Putperestler, putlarına taparken bizatihi onlar için kurban keser, onlara adak adar, onlara dua eder, şifayı onlardan beklerdi. Yani putperest olmak demek şekil olarak karşısına geçmekten ibaret değildi. Kalbiyle de o taşların tasarruf sahibi olduklarına inanmaktaydılar.[2]

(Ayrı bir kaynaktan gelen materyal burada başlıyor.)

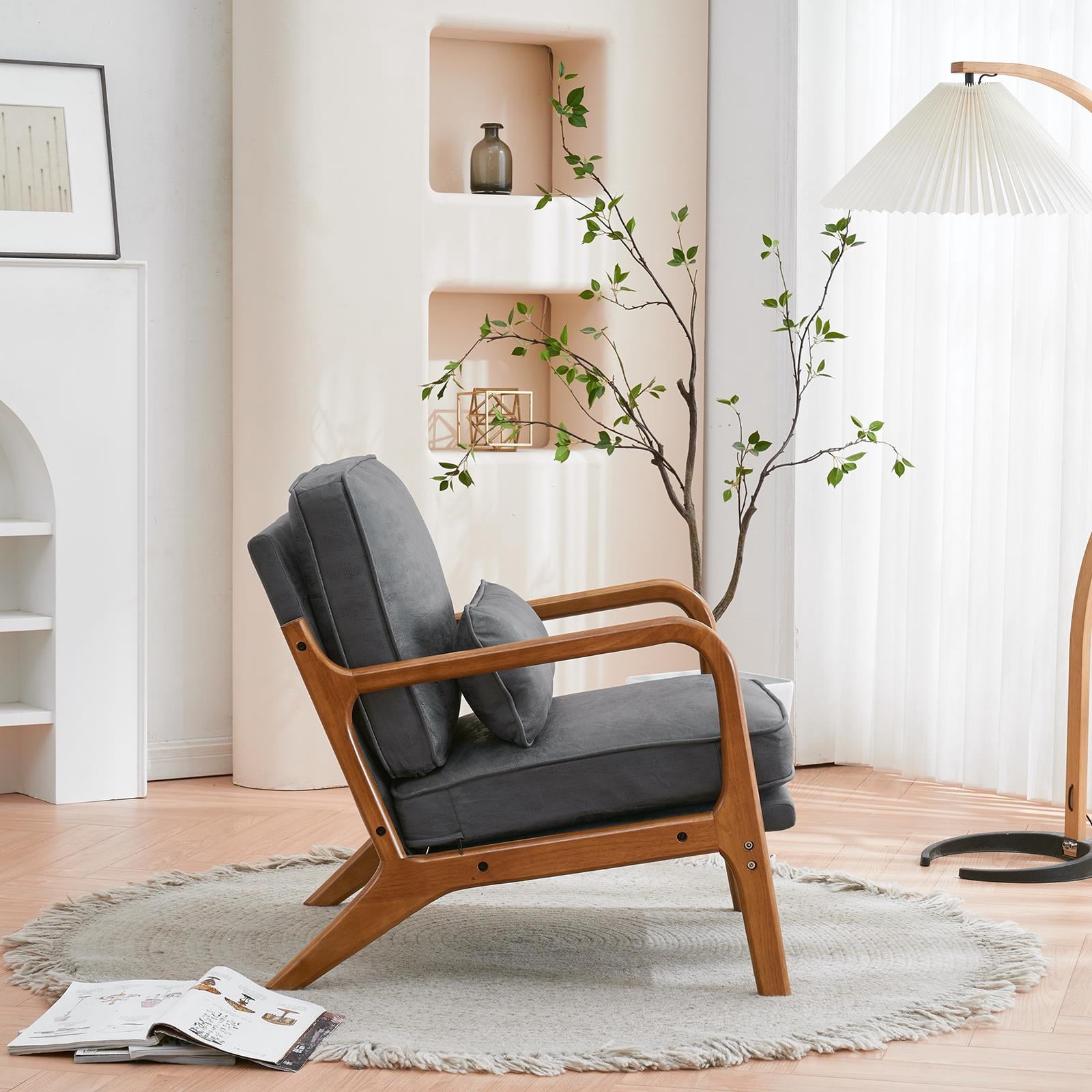 UBesGoo Modern Wood Club Chair Bronzing Cloth Fabric Upholstered Reading Accent Chair with Solid Wood Frame Brown
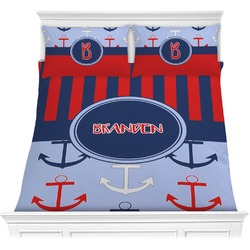 Classic Anchor & Stripes Comforter Set - Full / Queen (Personalized)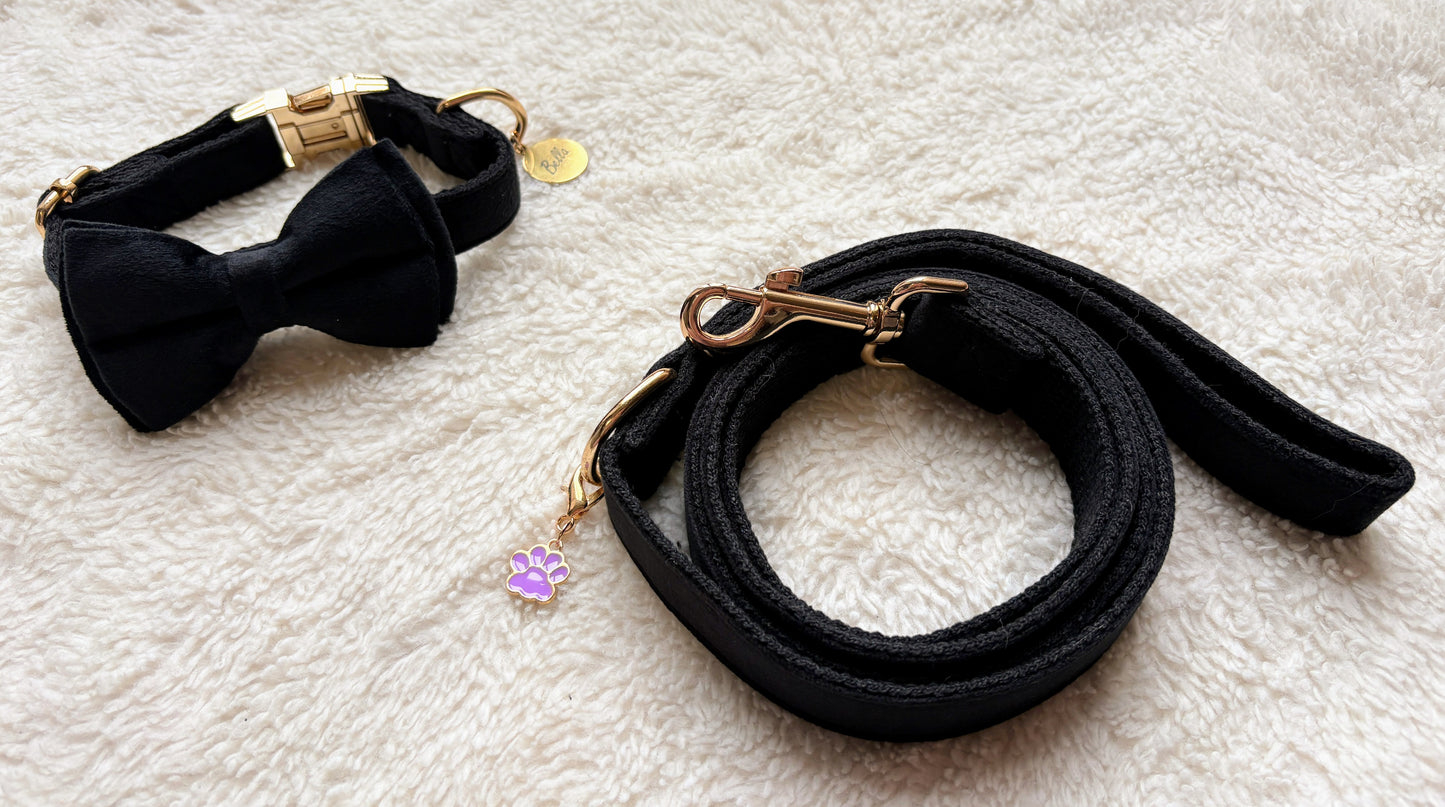 ✨Coffret personnalisé pour chien – Collier velours noir avec nœud papillon et médaillon gravé + laisse bijou + patère gravée à la main – Cadeau chic prêt à offrir ✨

Halbuki İslam’ın en temel vurgusu bir olan Allah’a ibadet etmektir. Yalnızca O’na kulluk etmek ile başlar Kur’ân-ı Kerîm.[3] Müslümanların Kâbe’nin etrafında dönmeleri ona tapmalarından değil, Allah Teala’nın «Beyt-i Âtik’i tavaf etsinler.»[4] emrinden dolayıdır. Kâbe’ye dönerek namaz kılmaları onun tuğlası kutsal olduğu için değil, Cenab-ı Hakk’ın «Artık namazda yüzünü Mescid-i Haram’a dön»[5] emr-i ilahisinden kaynaklanmaktadır. Zira Müslümanlar için Kâbe, kıble yani “yön” mahiyetindedir. Dünyadaki tüm Müslümanlar farklı farklı yerlere dönerek namaz kılmasın diye bir kıble gerekir ki o da Kâbe’nin bulunduğu mekandır.

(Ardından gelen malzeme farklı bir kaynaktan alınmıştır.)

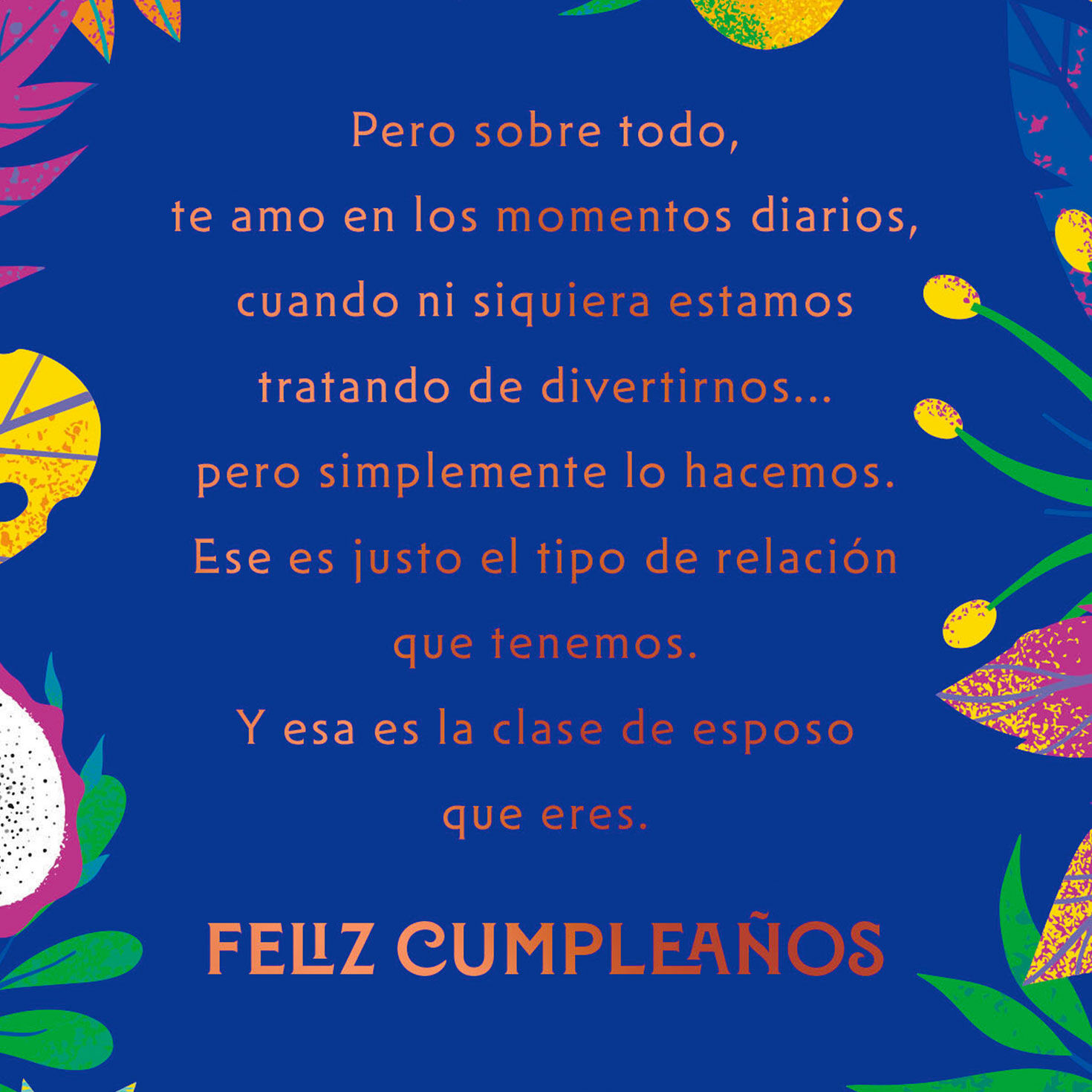 Tropical Leaves Husband Birthday Card in Spanish Sentiment image number 2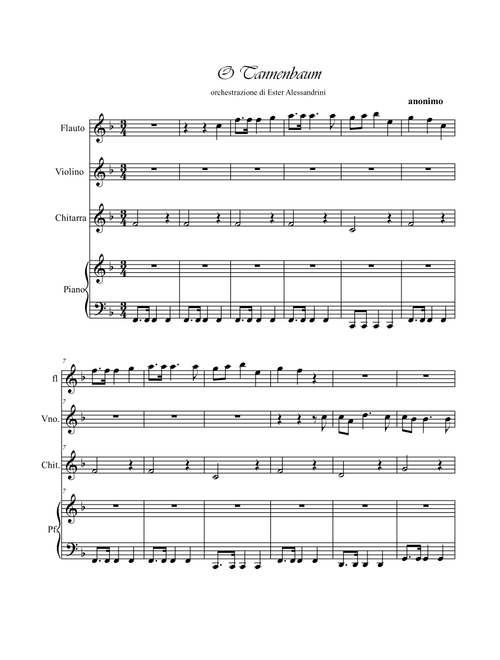 O Tannenbaum quartet (Arr. Ester Alessandrini) - Anonimo (Small Ensemble)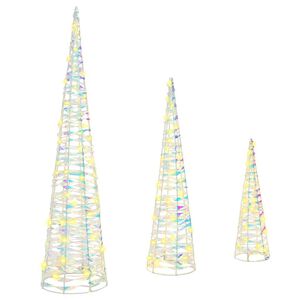 vidaXL Christmas Tree 3 pcs Warm white 20 x 20 x 80 cm PET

Hasılı Müslümanlar Kâbe için namaz kılmazlar. Kâbe’ye dönmek suretiyle zaman ve mekândan münezzeh olan Allah için namaz kılarlar. Zaten bir şeye dönerek namaz kılmak onu putlaştırmak manasına gelseydi o zaman hiçbir Müslümanın şirkten kurtulması mümkün olmayacaktı. Zira ya toprağa doğru dönecek ya duvara ya taşa ya da dereye.

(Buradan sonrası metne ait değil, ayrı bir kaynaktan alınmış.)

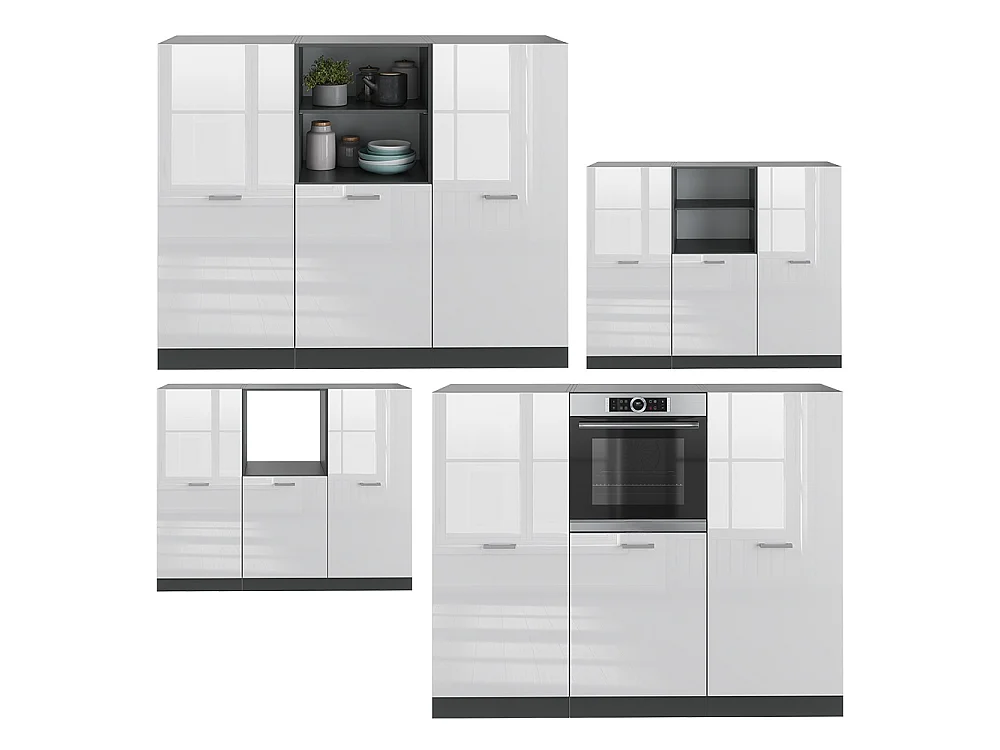 Bloc cuisine blanc brillant/anthracite 180x46x81.6 r-line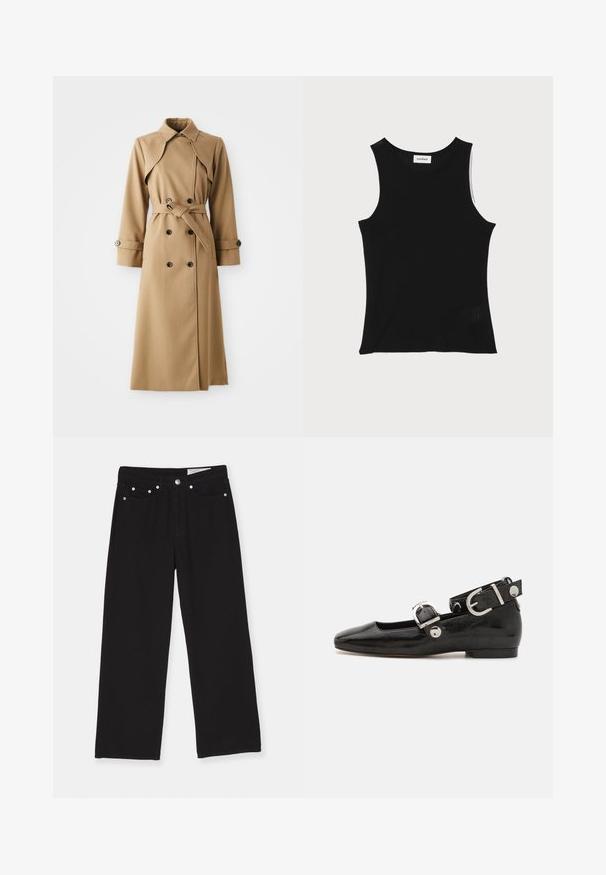 Beige trenchcoat med dobbeltknappe-lukning, bred krave, belted talje og lange ærmer. Har mønstrede stoffer og knapdetaljer.; Sort ribbet tanktop med rund halsudskæring og brede skulderstropper, med en subtil struktureret finish og en lille mesh-detalje ved kanten.; Sorte vidde jeans lavet af denim, med et fem-lomme design, knaplukning og metalhardware detaljer. Struktureret stof med en glat finish.; Sorte patenteret lædersko med firkantet tå, ankelrem med sølvhardware og flad sål. Glat tekstur med minimalistisk design.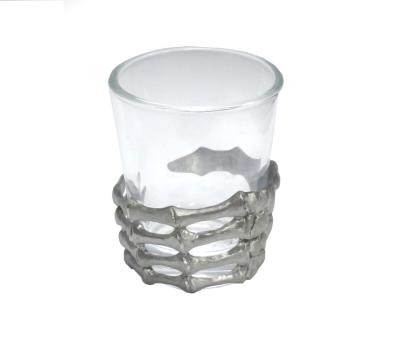 China Shot Glass with Skeleton Hand Shot Glass with Skeleton Hand 30ml Glasses for Halloween Day for sale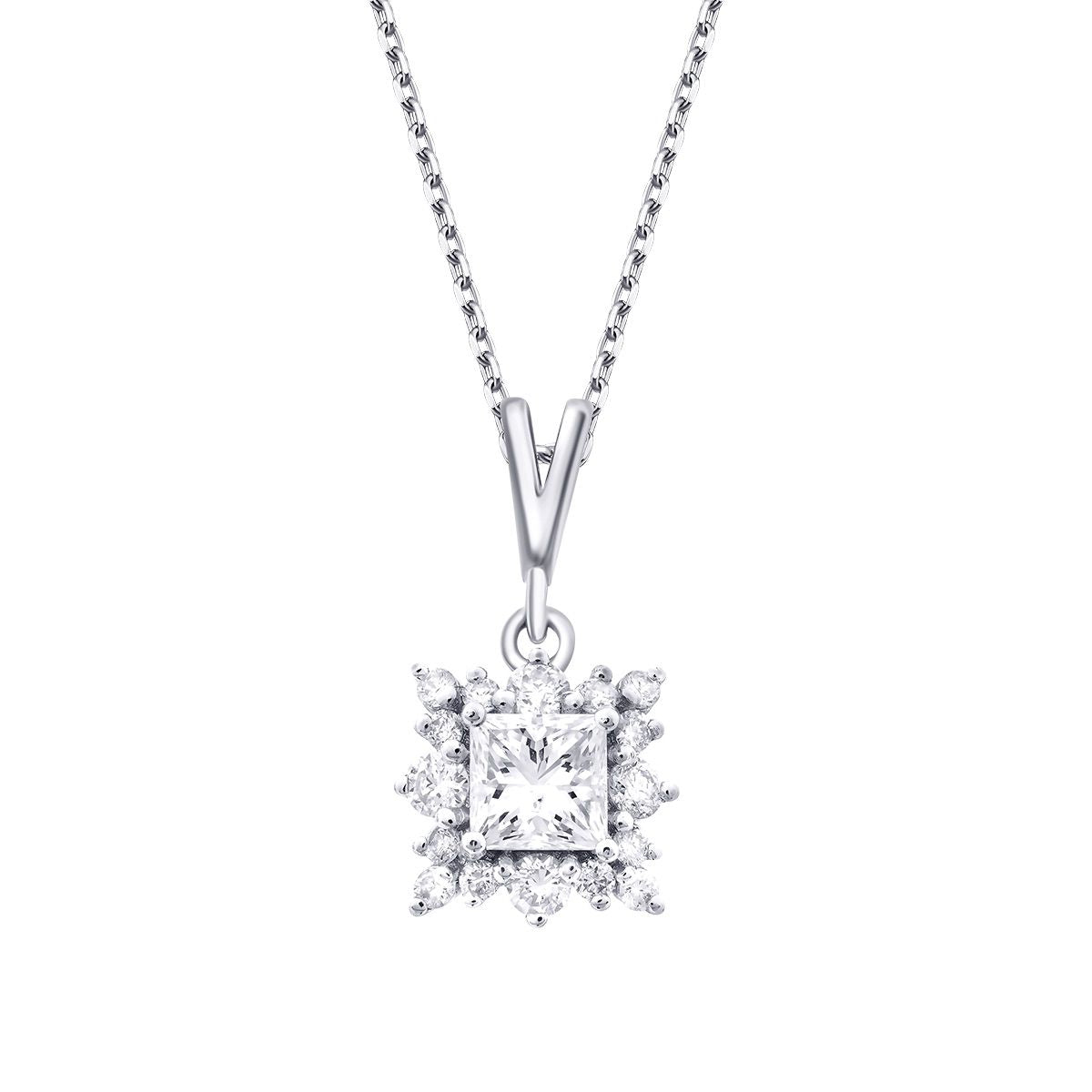 0.48 Carat Diamond Square Necklace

Bu mesele için bu kadar cevabın kâfi olduğunu düşündüğümüzden sözü fazla uzatmak istemiyoruz. Sadece son olarak şunu söyleyelim ki canlıların sûretinin resmedilmesini bile hoş görmeyen İslam’ı[6] putperestlikle bağdaştırmak, güneşin soğuk olduğunu iddia etmekten farksızdır.


[1] Ebû Hanife, el-Âlim ve’l-Müteallim, s. 33.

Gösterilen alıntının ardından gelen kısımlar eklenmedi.